Anything with a computer can be hacked and as our cars get connected to the Internet of Things, they become more vulnerable to attacks. On-board computers with internet connectivity, wireless key fobs and car-integrated apps are just a few of the many points of entry a hacker can exploit to steal or even remotely control your car.

(Video uploaded by WIRED)

In 2015, two hackers demonstrated that they could remotely hack their 2014 Jeep Cherokee from several miles away with their laptop (watch the video above). Andy Greenberg of Wired Magazine bravely agreed to be their living crash-test-dummy and watched in awe as Charlie Miller and Chris Valasek, the two hackers, toyed with the Jeep while it was driving down a highway – turning on its fans, changing the navigation display, blasting music at full volume, releasing windshield washer liquid and finally killing the engine. Miller and Valasek's hacking program works with any Fiat Chrysler vehicles from late 2013 onwards that use Uconnect. Their stunt was conducted to prove a point: vehicle manufacturers were being negligent with their vehicles connected to the internet and since the demonstration, Fiat Chrysler has recalled 1.4 million of their vehicles for a software patch.

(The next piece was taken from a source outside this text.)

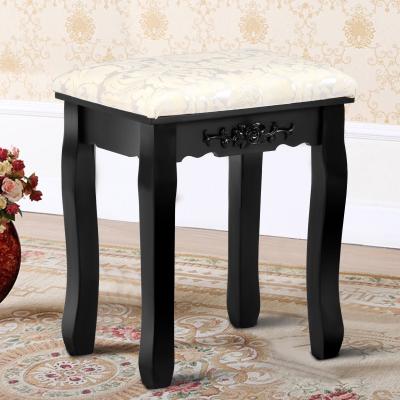 China Wholesale Wooden Dressing Table Wooden Stool Legs Modern Cushion Seat Wooden Bedroom Stools for sale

In Germany, 2016, the ADAC demonstrated how 24 different cars that use wireless key fobs could be stolen using a pair of custom-made radio signal amplification devices made from inexpensive consumer electronics. The first device amplifies the signal from the key fob. The second device then receives the signal and can complete the “handshake” process between the key and the car. This allows the car to be opened and then driven away without the actual key fob. The devices can work as far as 90 metres from each other and according to ADAC researcher, Arnulf Thiemel, there is no easy fix for this, except using makeshift “faraday cages” that block all unwanted radio signals or storing your keys in the freezer.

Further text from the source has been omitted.